Over-the-counter derivative markets have very limited access to pre-trade information (i.e., information such as the bid-ask quotes and order book information before the buy or sell orders are executed) and post-trade information (i.e. data such as prices, volumes, and the notional amount after the trade took place),

In March 2023, three small-to-mid-size US banks (i.e. Silicon Valley Bank, Silvergate Bank, and Signature Bank) ran into financial difficulties with spillovers to Europe where Credit Suisse needed to be taken over by USB. During this financial turmoil, the CDSs of EU banks rose considerably in terms of price and volume. For Deutsche Bank, there were even more than 270 CDS transactions for a total of US 1.1 billion in the week following UBS’s takeover of Credit Suisse. This represented a more than four-fold increase in trade count and a doubling in notional value compared with average volumes of the first ten weeks of the year. The CDS market is namely illiquid with only a few transactions a day for a particular reference entity, so this increase in trading volumes was exceptional. On 28 March 2023, the press reported that regulators had identified that a single CDS transaction referencing Deutsche Bank’s debt of roughly 5 million EUR conducted on 23 March 2023 could have fuelled the dramatic sell-off of equity on 24 March 2023 causing Deutsche Bank’s share price to drop by more than 14 percent.

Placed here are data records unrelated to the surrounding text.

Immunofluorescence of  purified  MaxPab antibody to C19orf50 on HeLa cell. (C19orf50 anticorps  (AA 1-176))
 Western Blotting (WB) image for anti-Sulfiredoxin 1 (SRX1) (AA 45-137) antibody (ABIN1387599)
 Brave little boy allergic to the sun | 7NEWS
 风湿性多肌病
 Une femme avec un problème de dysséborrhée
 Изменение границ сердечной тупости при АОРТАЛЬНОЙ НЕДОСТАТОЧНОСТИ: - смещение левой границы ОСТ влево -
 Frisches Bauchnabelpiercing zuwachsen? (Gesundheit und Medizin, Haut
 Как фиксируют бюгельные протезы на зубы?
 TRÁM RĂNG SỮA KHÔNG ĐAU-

One of the conclusions drawn by regulators, such as the European Securities and Markets Authority (ESMA), on the 24 March event was that the single-name CDS market is opaque (i.e., very limited pre-trade and post-trade market information), and consequently, subject to a high degree of uncertainty and speculation as to the actual trading activity and its drivers.

The Depository Trust and Clearing Corporation (DTCC) indeed provides post-trade CDS information, but the level of transparency is not very high, given that only aggregated weekly volumes are provided rather than individual prices. Furthermore, only information for the top active instruments are disclosed rather than for all traded instruments. Regarding pre-trade information, trading is conducted mostly through bilateral communication between dealers, who might directly contact a broker to trade or use a trading platform to enter anonymously non-firm quotes. However, even when screen prices are available, they are only indicative, and most dealers will not stand behind their pre-trade indicated price because the actual price the dealer will transact with is entirely subject to bilateral negotiations conducted over the phone or via some electronic exchange. Dealers are free to change the price until the moment the trade is mutually closed. The end-users are thus dependent on their dealers and sometimes do not even have access to the pre-trade information because they have to rely on third-party vendors and services that aggregate data. End-users do not know before the trade which price offered by dealers is the best one and do not know which other parties are willing to pay or to sell at, nor do they have comparable real-time prices against which to compare the price of their particular trade.

 

New transparency requirements in the MiFIR Review

On 25 November 2021, the European Commission published a proposal to amend Regulation No 600/2014 on markets in financial instruments (MiFIR) as regards enhancing market data transparency, removing obstacles to the emergence of a consolidated tape, optimizing trading obligations, and prohibiting receiving payments for forwarding client orders. This initiative was one of a series of measures to implement the Capital Markets Union (CMU) in Europe to empower investors – in particular, smaller and retail investors – by enabling them to better access market data and by making EU market infrastructures more robust. To foster a true and efficient single market for trading, the Commission was of the view that the transparency and availability of market data had to be improved.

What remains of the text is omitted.